Let's look at both specific energy densities in one diagram
Energy density of batteries
It looks like the best we can come up with is at present (Oct. 2009) the Li ion battery with a specific capacity around 0.5 kWh per liter or 0,15 kWh per kg. In other words: 1 l of gasoline beats the best battery we have by a factor of 20 with respect to the specific volume and by more than a factor of 100 with regard to the specific weight.
OK - that simply means we have to find room for a Li ion battery with a volume of 1000 l or 1m x 1m x 10 cm to run a car. That should be possible in a decent sized car.
Unfortunately, if we look at the figure, the weight of such a battery would be around 3 000 kg or so (and the price would be totally prohibitive). Twice the weight of your old-fashioned standard car!
The conclusion is easy:
If cars are to be powered by batteries in the near future,
we need to improve batteries at at least by a
factor of 5 or so with respect to the energy density.

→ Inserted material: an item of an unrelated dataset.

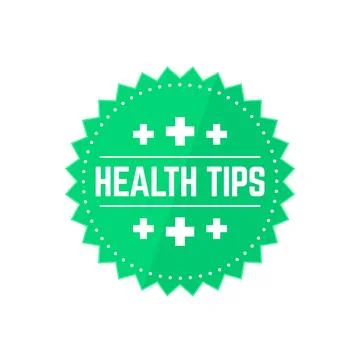 Health tips badge, vector label Stock Illustration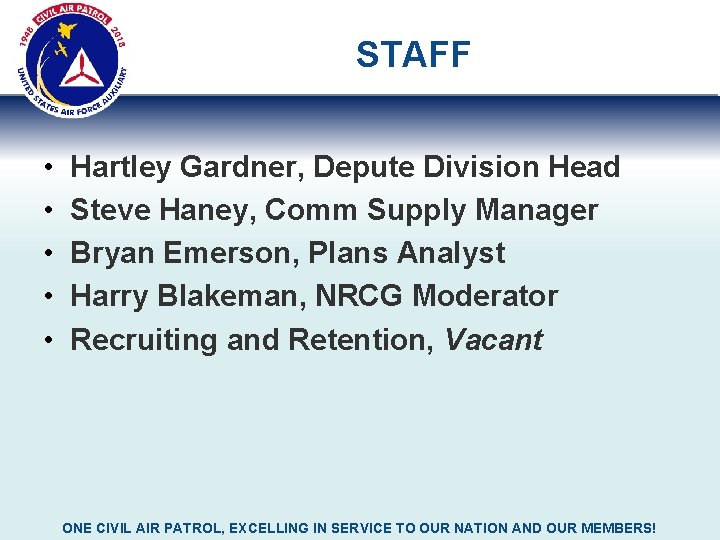 STAFF • • • Hartley Gardner, Depute Division Head Steve Haney, Comm Supply Manager STAFF • • • Hartley Gardner, Depute Division Head Steve Haney, Comm Supply Manager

As a material scientist you now wonder what exactly determines the energy density of a battery. For finding out we need to look at the basic working principle of a battery.
   

Working Principle of a Battery

The energy stored in a battery is chemical energy, i.e. the energy released by a chemical reaction. We will only consider Li based batteries here, so we have a reaction of the type:
Li  + F   Û  LiF  +  5,4 eV
So take a piece of Li and a "piece" of F, separate it by an electrolyte that cannot pass electrons but only ions, put it into a box with contacts to the Li and the F - you have a battery.
It's not so easy, of course. The general principle of forcing the electrons to go through an outer circuit from one reaction partner to the other one, while the ions move through the electrolyte is certainly correct. But:
  1. How do you keep and contact an (extremely corrosive) gas like F2?

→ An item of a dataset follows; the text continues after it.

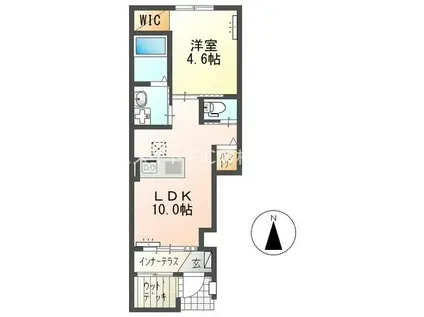 グランディール西高師(1LDK/1階)の間取り写真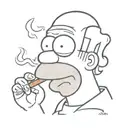Homer Simpson smoking cigarettes tattoo design idea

  2. How do you keep your Li from reacting with the oxygen in the air?
  3. Will the reaction actually take place? Will a piece of metallic Li in a F2 atmosphere start to react without being "triggered" somehow (like H2 + O2?

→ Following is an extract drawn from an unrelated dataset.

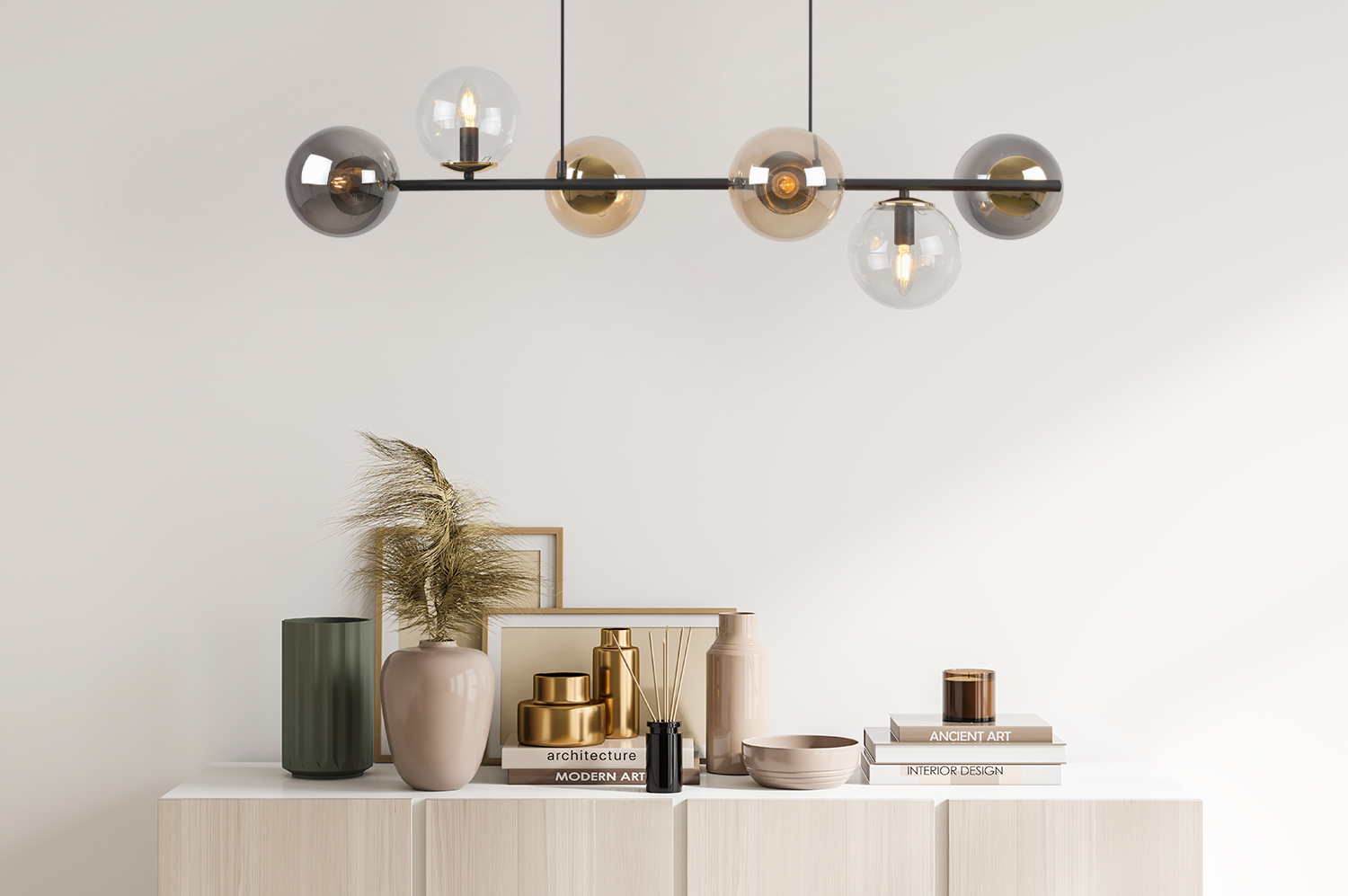 Lampa sufitowa wisząca Siena czarna modern 6xE14 klosz kula mieszany/złoty Light Home LH - 4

  4. Can you reverse the reaction by running a current through your battery, i.e. charge it again?
  5. and so on. and so forth.

Making a real battery with "Li ions" is not all that easy - Point 2 will always a problem, for example, demanding airtight sealing and a lot of security features.
So let's look at the working principle of a Li ion battery in a very general way.
Li ion battery principle
We have a negative electrode, also called anode, where Li is present as a "metal".
   
Battery poles
The term negative electrode is clear. The Li atoms incorporated or intercalated in the electrode material must leave an electron back so that they can move as Li+ ion through the electrolyte if the battery is discharged and thus supplying energy to the outside world.
But why is it also called anode? Isn't an anode always the positive pole towards which the electrons flow?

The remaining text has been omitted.